The majority of the wrecks were merchant marine ships, but we saw a handful of military vessels. We also had lunch on one of the islands – the sole time we went on land (outside of standing on a sandbar).

  • Kiyosumi Maru #1, military transport. Penetration dive. Bottom time 53 minutes, max depth 84 feet (18 May)
  • Kiyosumi Maru #2, penetration dive. Bottom time 54 minutes, max depth 90 feet (18 May)
  • Yamagiri Maru. Bottom time 55 minutes, mad depth 87 feet. (18 May). I think the video is from this dive.
  • Fumitzuki, destroyer. Bottom time 63 feet, max depth 113 feet (19 May)
  • Shinoku Maru #1, naval tanker. She is notable for participating in the attack on Pearl Harbor. No penetration, just a look around the outside.

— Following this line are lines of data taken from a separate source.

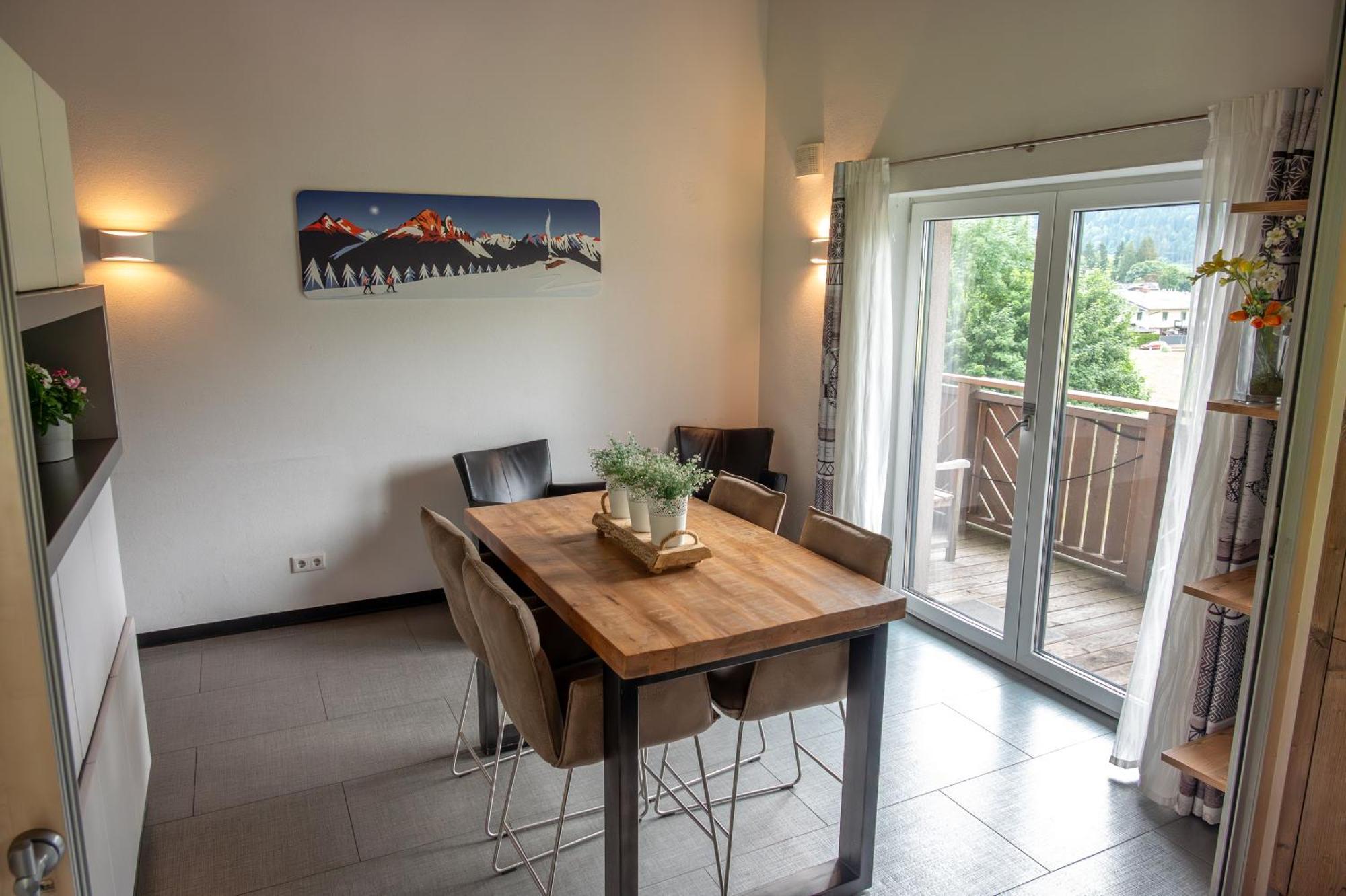 Haus Piesendorf Apartment ภายนอก รูปภาพ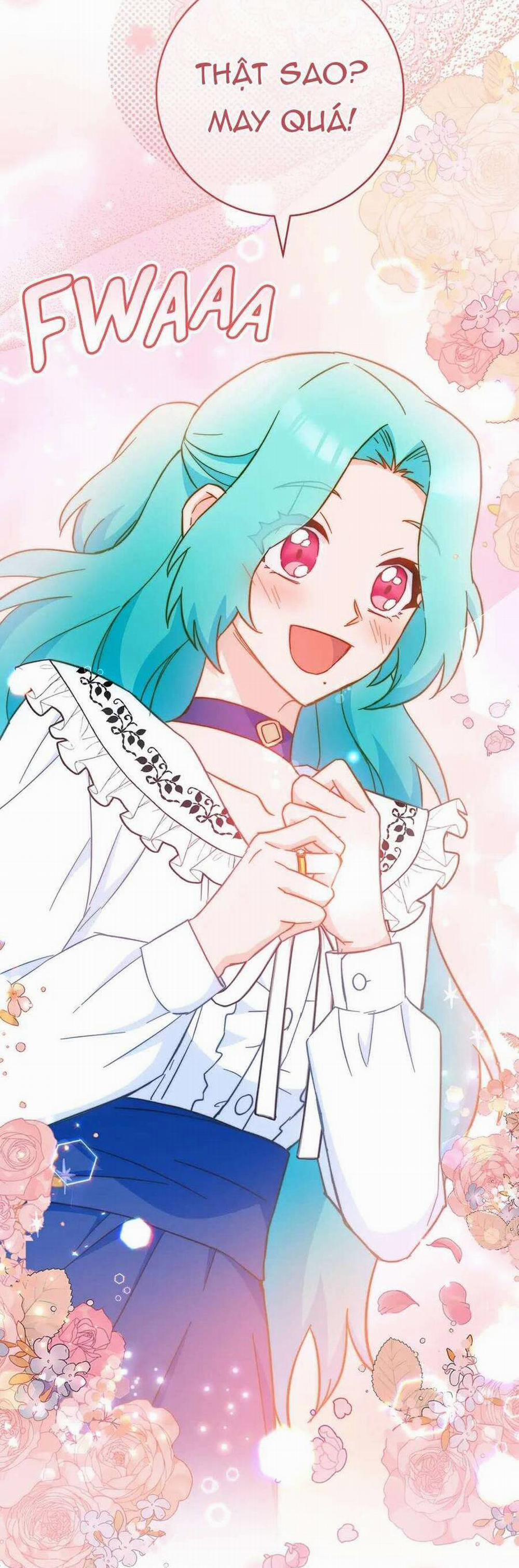 Nữ Đầu Bếp Hoàng Gia 107 trang 23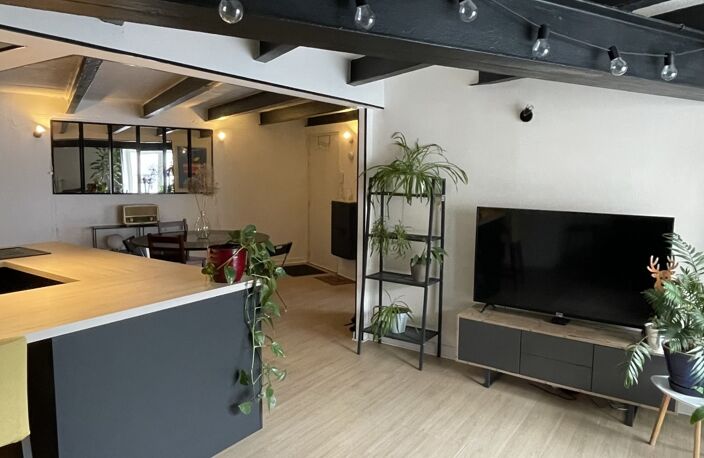 Vente Appartement 2 pièces — photo 5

Bottom time 43 minutes, max depth 123 feet. (19 May)
  • Shinoku Maru #2, bottom time 62 minutes, depth 70 feet. Penetration dive. (19 May)

I think this video was from this dive, but it’s hard to tell

  • Shinoku Maru #3, bottom time 44 minutes, depth 100 feet. Night dive. (19 May)
  • Unkai Maru. Bottom time 44 minutes, max depth 100 feet (20 May)
  • Fujikawa Maru #1. One of the most famous wrecks in the lagoon, in particular for the “R2D2” looking air compressor . Bottom time 51 minutes, max depth 104 feet (20 May)
  • Fujikawa Maru #2, bottom time 51 minutes, depth 104 feet (20 May)
  • Fijukawa Maru #3, bottom time 51 minutes, depth 107 feet (20 May)

Not sure if the 4th video is for the Fijukawa, but taking a good guess

  • Hoki Maru, transport. Famous for having a hold full of neat artifacts, including a truck. Bottom time 28 minutes, max depth 135 feet. (20 May)
  • Pizon Reef for a shark feed! Bottom time 53 minutes, max depth 81 feet (21 May)
  • Rio de Janerio Maru #1. Another famous wreck; bottom time 58 minutes, max depth 102 feet. (21 May)
  • Rio de Janeiro Maru #2, night dive into the engine room. Bottom time 53 feet, max depth 100 feet. (21 May)
  • Nippo Maru #1, passenger cargo ship. Bottom time 62 feet, max depth 123 feet. Lots of photo opportunities, including a Japanese tank in the cargo hold. (22 May)
  • Nippo Maru #2, bottom time 28 minutes, max depth 127 feet. (22 May)
  • Wreck of a “Betty” Mitsubishi attack plane. Bottom time 32 minutes, max depth 65 feet. (22 May)
  • Sankisan Maru. Bottom time 32 minutes, max depth 70 feet. (22 May)
  • Kensho Maru. Bottom time 46 minutes, max depth 111 feet. Famous for its engine room. (23 May)
  • Heian Maru. Bottom time 45 minutes, max depth 97 feet. (23 May).